Scientists studying organic light-emitting devices (OLEDs) have made a critical leap from single-color displays to a highly efficient and long-lived natural light source.
The invention, described in the April 13 issue of Nature, is the latest fruit of a 13-year OLED research program led by Mark Thompson, professor of chemistry in the USC College of Letters, Arts and Sciences, and Stephen Forrest, formerly of Princeton University and now vice president for research at the University of Michigan.
"This process will enable us to get 100 percent efficiency out of a single, broad spectrum light source," Thompson said.
If the device can be mass-manufactured cheaply - a realistic expectation, according to Thompson - interior lighting could look vastly different in the future. Almost any surface in a home, whether flat or curved, could become a light source: walls, curtains, ceilings, cabinets or tables.
Since OLEDs are transparent when turned off, the devices could even be installed as windows or skylights to mimic the feel of natural light after dark - or to serve as the ultimate inconspicuous flat-panel television.
Thompson and Forrest previously invented efficient single- color displays now ready to enter the market in next-generation cell phones. But subsequent attempts by several groups to create white-light OLEDs fell short. The biggest issue was the fast burnout time of the blue component, since blue is one of the primary colors needed to make white.
The Nature paper presents a quantum mechanical trick that solves this problem. First, the researchers followed their standard recipe for making an OLED: placing four ultra-thin organic layers on glass or transparent plastic. Three of the layers serve as highways for charges to reach a central "emissive" layer.
When the oppositely charged molecules meet in the emissive layer, electrons jump from the negatively charged molecules to the positive ones, and ultimately relax to their starting energy. In the process, light is emitted, which can be tuned to cover a broad range of wavelengths.
Previous OLEDs used phosphorescent blue, green and red dyes to generate light with greater energy efficiency than all-fluorescence based devices (phosphorescence and fluorescence, both expressions of energy that is released as excited electrons fall back into their regular orbit, differ mainly in the speed of their response).
Thompson and Forrest found that they could substitute a fluorescent dye for blue without sacrificing the superior properties of OLEDs.
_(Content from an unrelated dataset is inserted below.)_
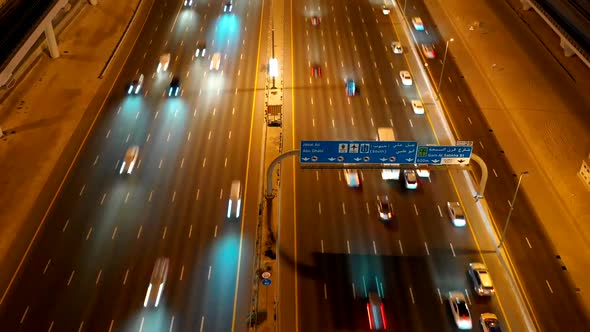 Aerial hyperlapse of a busy highway in Dubai at night, U.A.E.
In fact, the researchers reported, the fluorescent dye should prolong the lifetime of the blue component and also uses 20 percent less energy.
"We're hoping this will lead to significantly longer device lifetimes in addition to higher efficiency," Thompson said.
According to Forrest, the device eventually could achieve three times the efficiency of standard incandescent light bulbs.
"With a future emphasis on manufacturing technology, this structure may provide an important, low-cost and efficient means that will replace incandescent lighting in many different applications," Forrest wrote.
The tallest remaining hurdle to production of these devices may have nothing to do with the OLED itself, Thompson said, but with the plastic layer to be used as a backing in economical large-area devices. All mass-produced plastics allow some humidity to pass through to the OLED, eventually degrading it.
"There's no plastic that's hermetic enough to make devices that will last a long period," Thompson said, while predicting that this problem can be solved. Already, Universal Display Corp. has developed the group's research into a commercially feasible process for making cell phone screens.